Re: Grammatical Inconsistencies
Date: Fri, 23 Apr 2004 04:27:18 GMT
Message-ID: <GW0ic.5860$eZ5.2321_at_newsread1.news.pas.earthlink.net>
Timothy J. Bruce wrote:
> [I'm going to hate myself in the morning for this...]
>
> The cartesian product of any number of sets defines a RELATION.
> The intersection, union, and symetric difference of any number of sets
> defines a SET.
Are you talking math or relational database theory?
Depending on exactly which variant of the relational model of data you subscribe to, you might get different answers. And the SQL answer is definitely different again.

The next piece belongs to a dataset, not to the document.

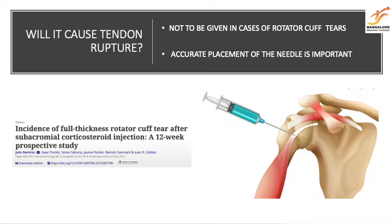Steroid injections can cause tendon ruptures at a rate of 17%. To avoid this, accurate placement of the needle in the correct space is important.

In the more austere or spartan versions of RM, then A JOIN B is a natural join of A and B over the common columns. The common columns must be identical in name and type, and any mismatches where the same name appears in both A and B but have different types is an error (unless, possibly, inheritance is involved and the type of one column is a TTM subtype of the other). The result consists of three groups of columns - those found in A only, those found in B only, and those in both A and B. Let's label them AA, BB, and AB respectively. Each tuple in the resulting relation consists of the AA and AB parts of a row from A combined with the BB and AB parts of a row from B, where the AB parts are the same. There's a bit more to it than that; if there are 3 rows in A and 6 rows in B which share the same values in the AB columns, then there are 18 rows in the result set, such that each of the candidate rows from A is combined with each of the candidate rows from B. If the AB set of columns is empty - there are no common columns (attributes, I suppose I should be saying) - then the result is equivalent to the cartesian product of the two tables. This is because the empty set of columns is a subset of the columns in both A and B, so each row in A matches each row in B over the common subset of columns.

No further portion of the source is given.